**Directions for this task**
Pictures stay out of the output. Return exactly the lines below from the one with "Olympic 2021: Bị" down to the one with "La Nouvelle White", both included, and nothing more.

**Working data**

*** Begin section ***

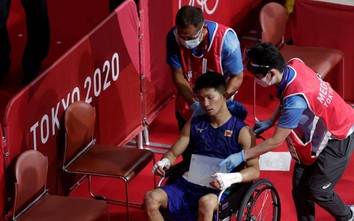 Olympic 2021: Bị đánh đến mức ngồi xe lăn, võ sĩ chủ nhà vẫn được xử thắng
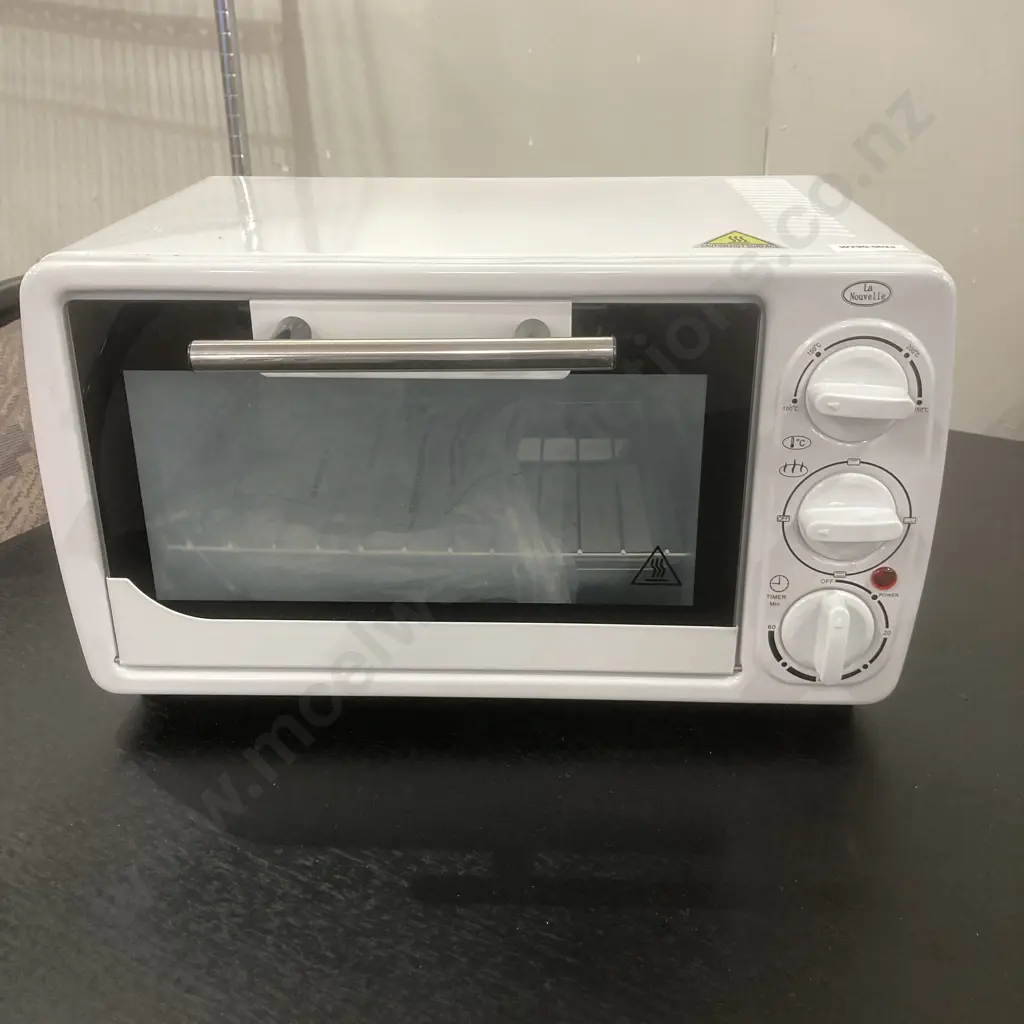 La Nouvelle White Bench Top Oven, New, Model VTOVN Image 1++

*** End section ***
*** Begin section ***

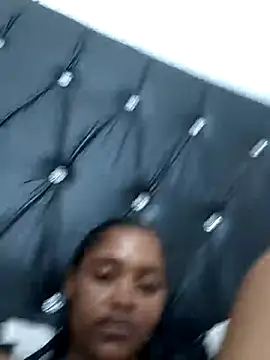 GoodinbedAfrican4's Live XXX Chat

*** End section ***

**Response to this task**
 Olympic 2021: Bị đánh đến mức ngồi xe lăn, võ sĩ chủ nhà vẫn được xử thắng
 La Nouvelle White Bench Top Oven, New, Model VTOVN Image 1++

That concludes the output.